Life Topography

“Life is like topography, Hobbes. There are summits of happiness and success, flat stretches of boring routine and valleys of frustration and failure.”  ―    Bill Watterson

Is happiness found only at the summit?  Can we pick up some handfuls of it and put it in a pocket to carry with us down  to the plains of routine, maybe save a few grains for the valleys of frustration and failure?  Happiness itself has such a wide range, from quiet contentment to shrieking laughter, joy so pure it brings tears; it surely has its own topography.

Like a map stretched and pulled to reproduce the highs and lows of the surrounding area in a visitor’s center; what if we created one reflecting our lives?  That 12,000 ft. elevation, what was that moment?  How often do we dip below sea level?  Are there vast plains or does your map look like the alps?  Buttes of contentment; tall places that are wide and flat at the summit.  Rivers carry us from the pinnacles to the passes.  Roiling and boulder filled, cutting narrow walls along the way; broad and flat, muddied colors and shallow channels; sinuous and snaking or arrow straight waterways carry life events and emotions from edge to edge.

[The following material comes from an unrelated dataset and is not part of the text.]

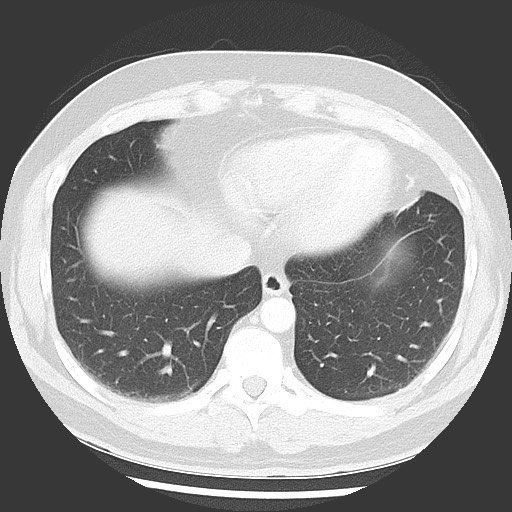 Bronchial carcinoid tumor (Radiopaedia 67377-76764 Axial lung window 47).jpg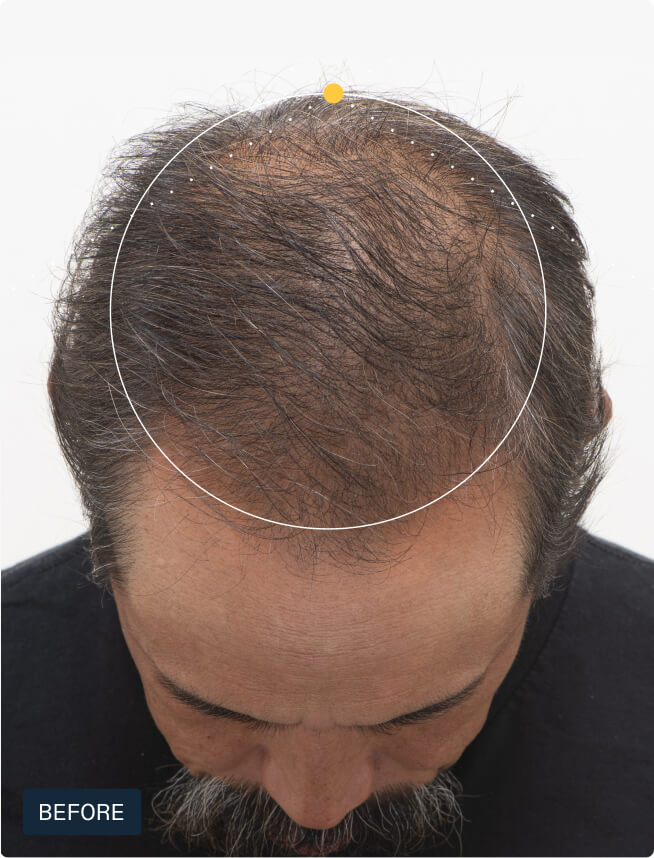 Hair Growth + Strength Duo — view 5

Understanding the contours of one’s life can bring insight when the map is overlaid with the topography we would choose.  A little flatter here, not so deep and foreboding there;  imagining forward to the profile of one’s future, can the topography change substantively?  Perhaps carrying those little grains of happiness from the crowns of the mountains of our achievements down to the valleys of our failures will soften the landscape over time, take away some of the sharp edges and deep furrows.